Brief descriptive captions:
%%
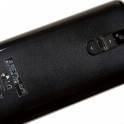 Смартфон LG G2 (32Gb), фотография 5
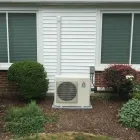 Business 1 image HENTKOWSKI INC Plumbing & HVAC Equipment & Supplies in Wilmington DE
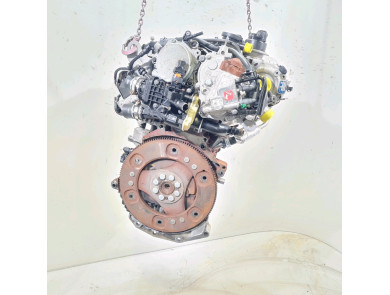 Moteur type AH01-1612095480 - Peugeot 308 II PH.1 - A1-1485L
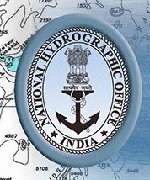 Graining Operator & Machine Inker Recruitment in NHO Dehradun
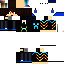 Texture for Grimm_boss 2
%%
- WORK TO COMPLETE -
I would like the lines from the one with "Business 1 image" through the last line of the data above retyped exactly, with pictures left out, please.

- THE COMPLETED TASK -
 Business 1 image HENTKOWSKI INC Plumbing & HVAC Equipment & Supplies in Wilmington DE
 Moteur type AH01-1612095480 - Peugeot 308 II PH.1 - A1-1485L
 Graining Operator & Machine Inker Recruitment in NHO Dehradun
 Texture for Grimm_boss 2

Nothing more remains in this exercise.